N’espérez donc pas ici d’effusions de sang délirantes, de tête coupée, de bonne répartie et autre blague après une scène atroce car nous nous trouvons dans une tentative de filmer réellement ce qu’est la violence, le meurtre, la séquestration. On ne meurt pas forcément d’une balle, on ne passe pas à la scène suivante en deux secondes en prenant un peu de pop-corn et de soda. Le film pourra vous sembler durer des heures mais c’est bien là que les choses se jouent. Rien n’est facile, tout prend du temps et le malaise vient aussi de là.

Dans ce film, on subit, on souffre, on souhaite que ça se termine au plus vite pour cette petite famille bourgeoise autrichienne un peu terne. Ils viennent tout juste d’arriver dans leur résidence secondaire quand deux jeunes hommes habillés en golfeur leur demandent des œufs pour une famille voisine. C’est le début du cauchemar. S’en suivra un pénible chemin de croix à l’issue fatale.
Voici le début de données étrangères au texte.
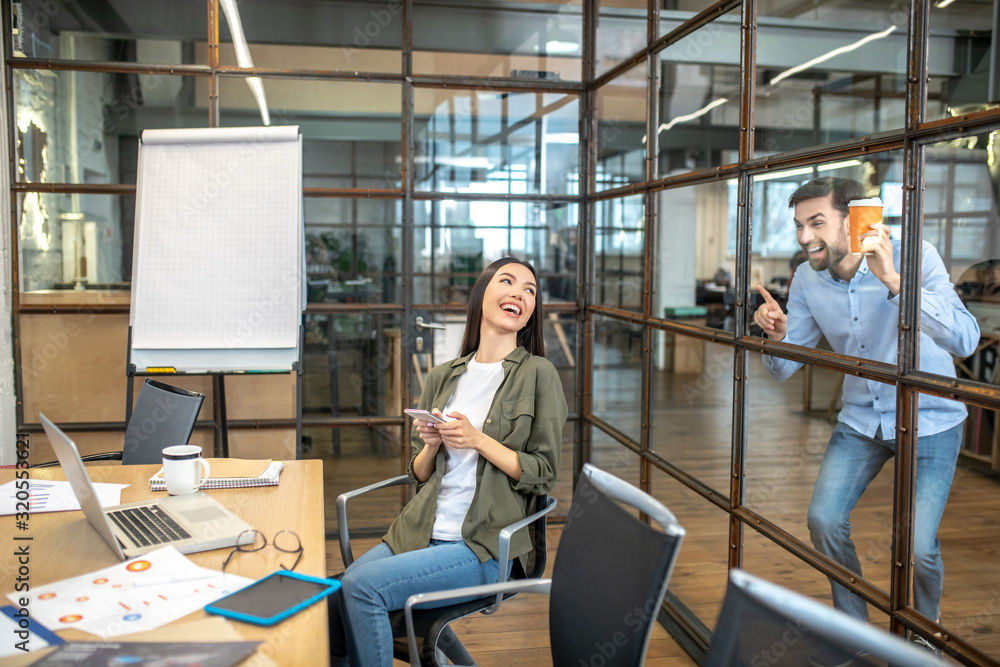 Two smiling office workers having fun during coffee break Two smiling office workers having fun during coffee break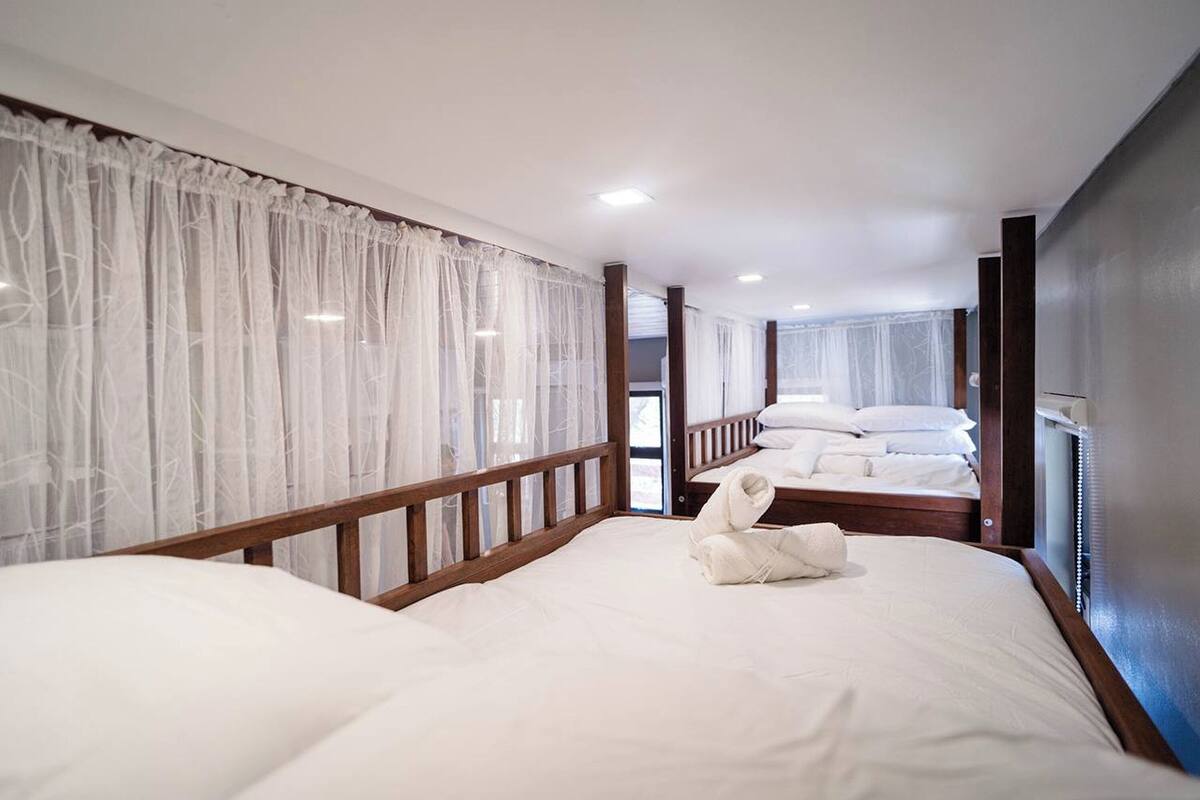 A hotel room with two beds, white linens, wooden headboards, and sheer curtains.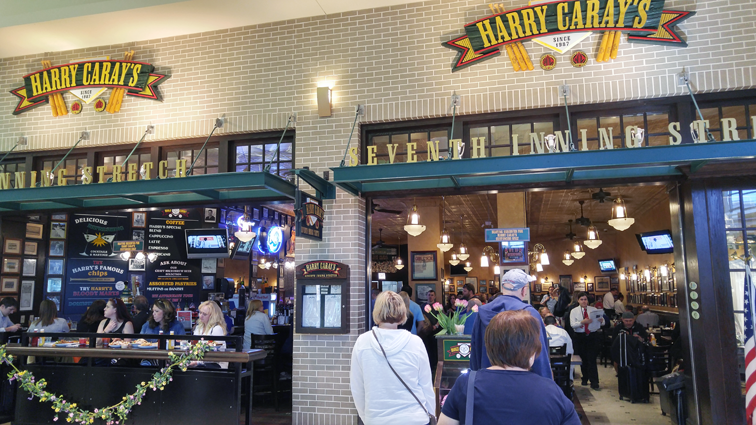 May 2016 - Karen waiting with me for seating at Harry Carays Seventh Inning Stretch restaurant at Chicago Midway Airport
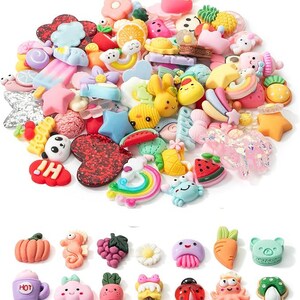 May include: A large collection of colorful resin cabochons featuring various shapes including rainbows, fruits, animals, stars, hearts, and sweets. The assortment includes items like a panda, crab, watermelon slice, and a cup with the text HOT printed on it.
Rien ici ne vous mettra à l’aise et c’est aussi une des grandes qualités de ce film. L’envie est de montrer que la violence n’est pas quelque chose dont on peut rire contrairement à ce qui nous est présenté dans le cinéma d’action américain (combien de morts dans les films de Michael Bay, dans la série des Die Hard avec Bruce Willis, les Transformers sans que la moindre place leur soit laissée? allez zou on enchaîne !). Dans ce film, Haneke semble vouloir répondre à cela en respectant ses personnages (la scène clairement insoutenable et interminable de la télévision allumée en est un parfait exemple). Avec cette idée, le film est à rapprocher d’une œuvre comme Chien de paille de Sam Peckinpah, qui questionne plus sur le fait qu’en chacun de nous sommeillerait un monstre ou tout du moins quelqu’un capable d’actes terribles pour arriver à ses fins, le tout étant filmé de manière très classique sans effet ou tentative de minorer ce qui se passe à l’écran.

Le rôle du spectateur est aussi interrogé dans ce film, notamment quand l’un des tortionnaires parle directement à la caméra en expliquant que l’on va prendre son temps car sinon il n’y aurait pas de plaisir…. Cela pourrait faire sourire dans certains films mais clairement pas ici.
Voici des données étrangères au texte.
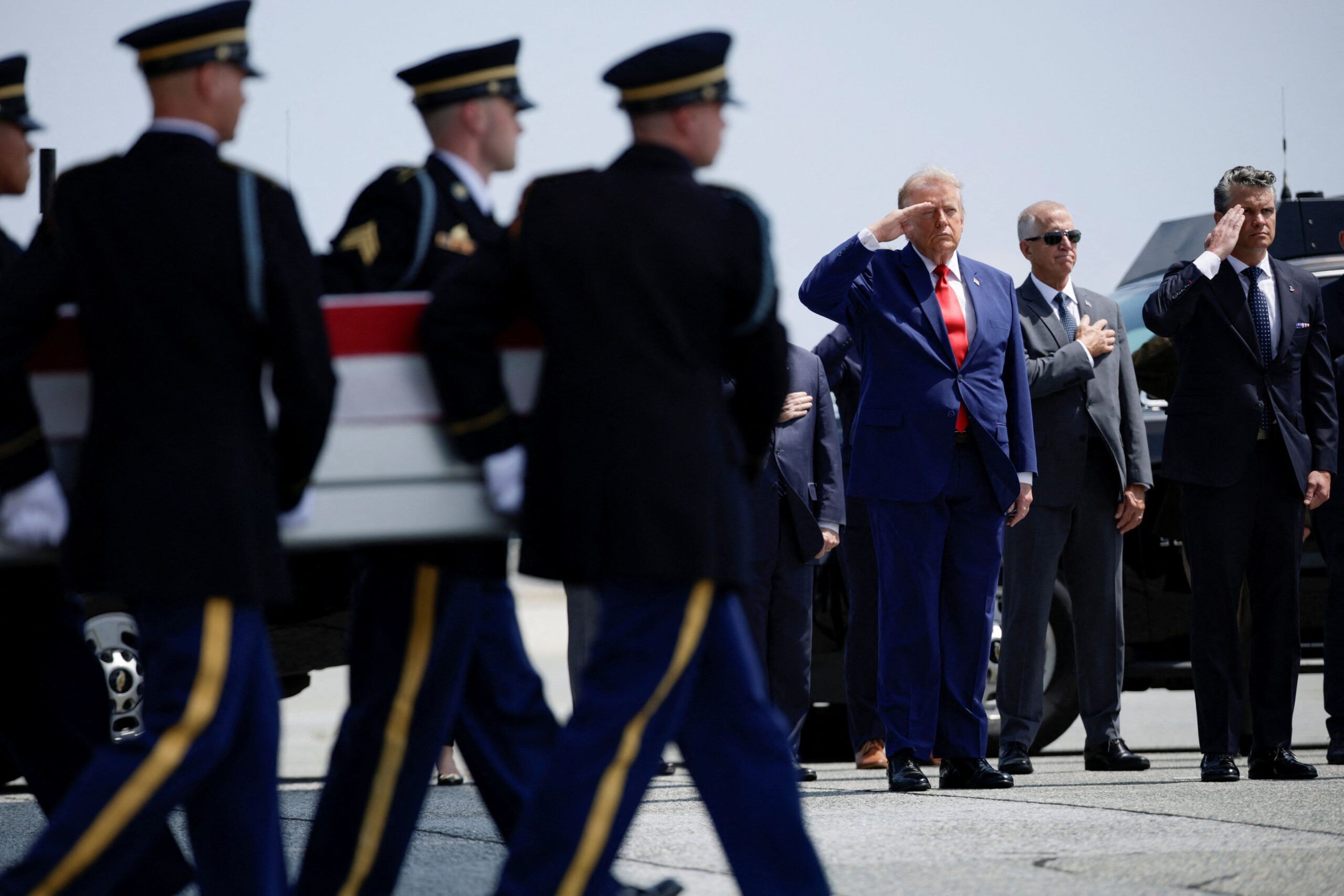 <i>Evan Vucci/Reuters via CNN Newsource</i><br/>President Donald Trump salutes as transfer cases for fallen soldiers are carried at Dover Air Force Base in Delaware on July 22.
Le film est bien entendu interdit au moins de 16 ans et cela est plus que compréhensible vu la rudesse du propos et des actes des deux jeunes face à leurs victimes du jour. Michael Haneke voulait à la base réaliser ce film pour les spectateurs du continent américain qui sont, selon lui, les plus abreuvés d’images de violence atroce et quotidienne rendant totalement amorphe ou sans la moindre empathie pour qui que ce soit. Malheureusement, une grande partie du public américain ne regardant que rarement des films en langue étrangère, il lui a été proposé de faire un remake de son œuvre avec des acteurs reconnus (Naomi Watts et Tim Roth) et en anglais. Le film reprend plan pour plan celui tourné en allemand (y compris le morceau Bonehead de Naked City), ce qui démontre bien sa volonté première. Le remake n’a pas marché aux Etats-Unis de manière assez peu surprenante mais au moins Haneke est allé au bout de son idée à savoir montrer que certaines choses ne sont ni légères, ni drôles et que le cynisme et l’apathie semblent gagner du terrain dans le cinéma.